10 Replies Latest reply: Dec 11, 2012 9:18 AM by KirkMcNeilFJ RSS

    How to count number of files on zfs filesystem

    KirkMcNeilFJ
      Hi all,
      Is there a way to count the number of files on a zfs filesystem similar to how "df -o i /ufs_filesystm" works? I am looking for a way to do this without using find as I suspect there are millions of files on a zfs filesystem that is causing slow performance sometimes on a particular zfs file system

      Thanks.
        • 1. Re: How to count number of files on zfs filesystem
          abrante
          Good question!

          What about

          df -g

          .. or is that Solaris 11?

          .7/M.
          • 2. Re: How to count number of files on zfs filesystem
            Cindys-Oracle
            Good question.

            I'm still doing some research, haven't found a good solution yet,
            but this seems to work:

            # cd /pond/cdata
            # # find . -name "*" | wc -l
            1785

            I can't comment on the performance in a very large file system though.

            Thanks, Cindy
            • 3. Re: How to count number of files on zfs filesystem
              bigdelboy
              Just to comment I am not sure in itself having millions of files on (or even tens or millions) of files on a zfs filesysem in iteself will lead to bad performance.
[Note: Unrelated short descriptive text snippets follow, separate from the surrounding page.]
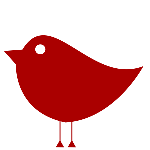 Simple Birdie- Bird- one color- flat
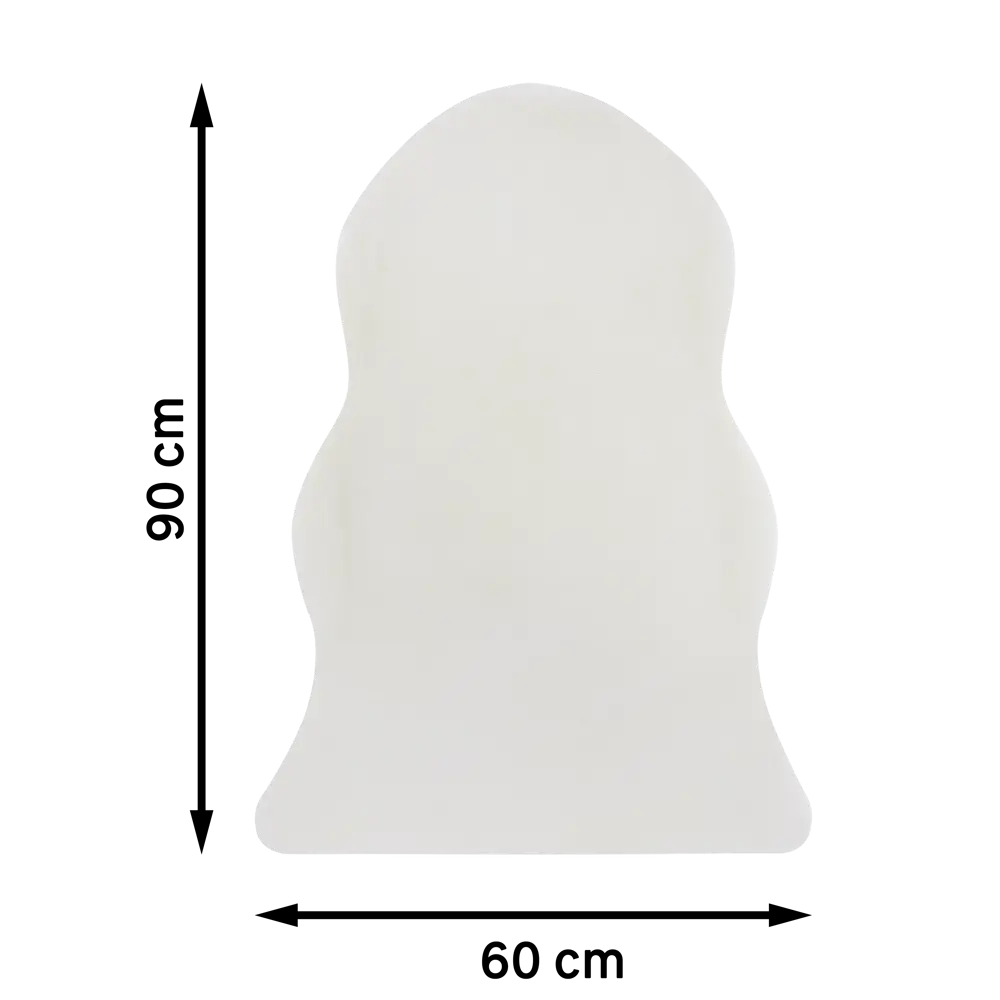 Коврик KREAFORTA Belleville 60x90 см полиэстер цвет белый STLM-2182056 - Вид №7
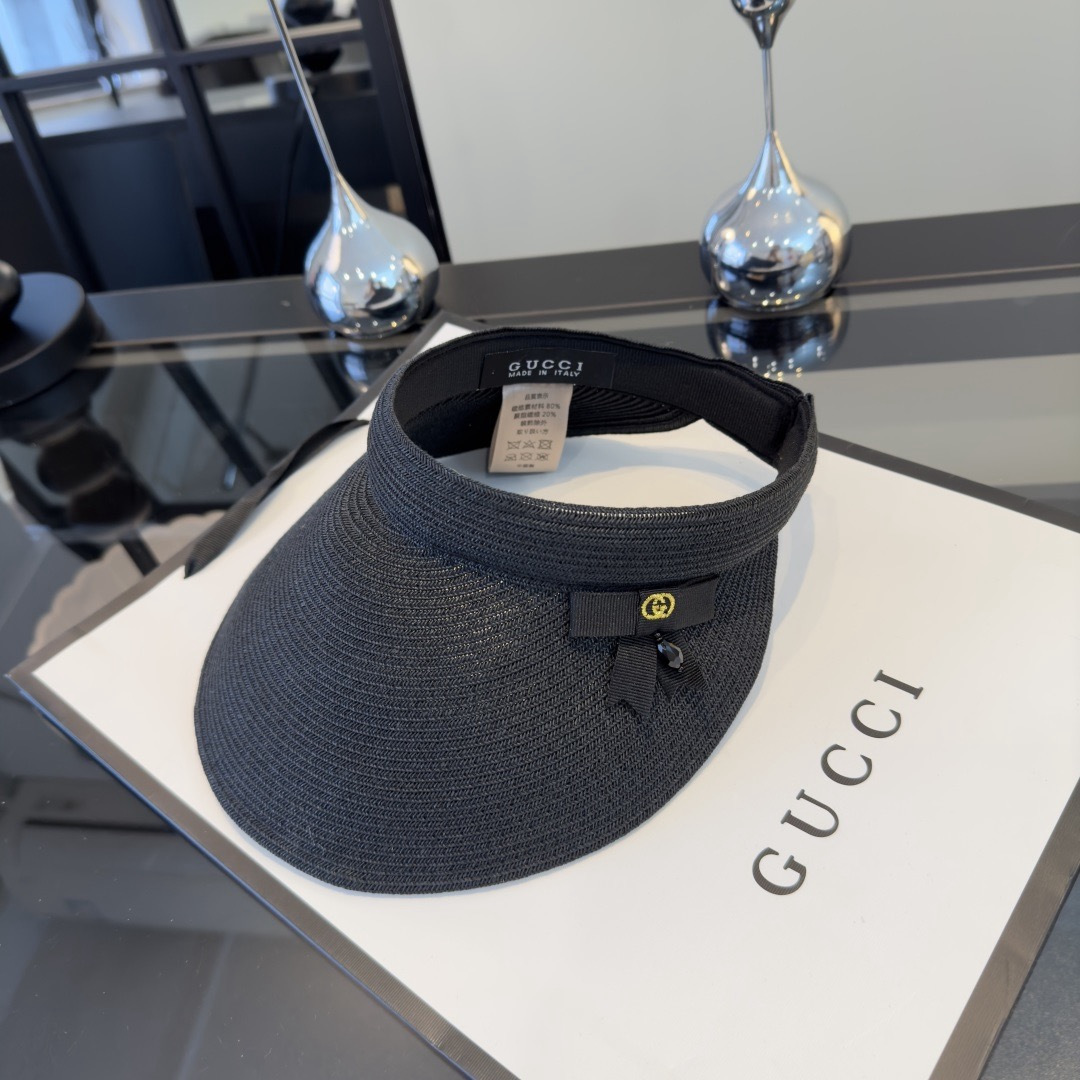 PGucci古奇新款空顶发箍遮阳帽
              However attempting to access a lot of files may leave to bad performance (eg attempting to run a file based backup). And if the filesystem is overfull (eg 80%?) or there is little space for zfs cache that that might also cause performance problems. And simply trying to read to many times or too much or getting contention with elsewhere may be a problem.

              I am of course open to comments ....
              • 4. Re: How to count number of files on zfs filesystem
                Nik
                Hi.

                df -t <mount_point> show how many free i-node present and total i-node number. So you can calculate how many i-nodes (files) used.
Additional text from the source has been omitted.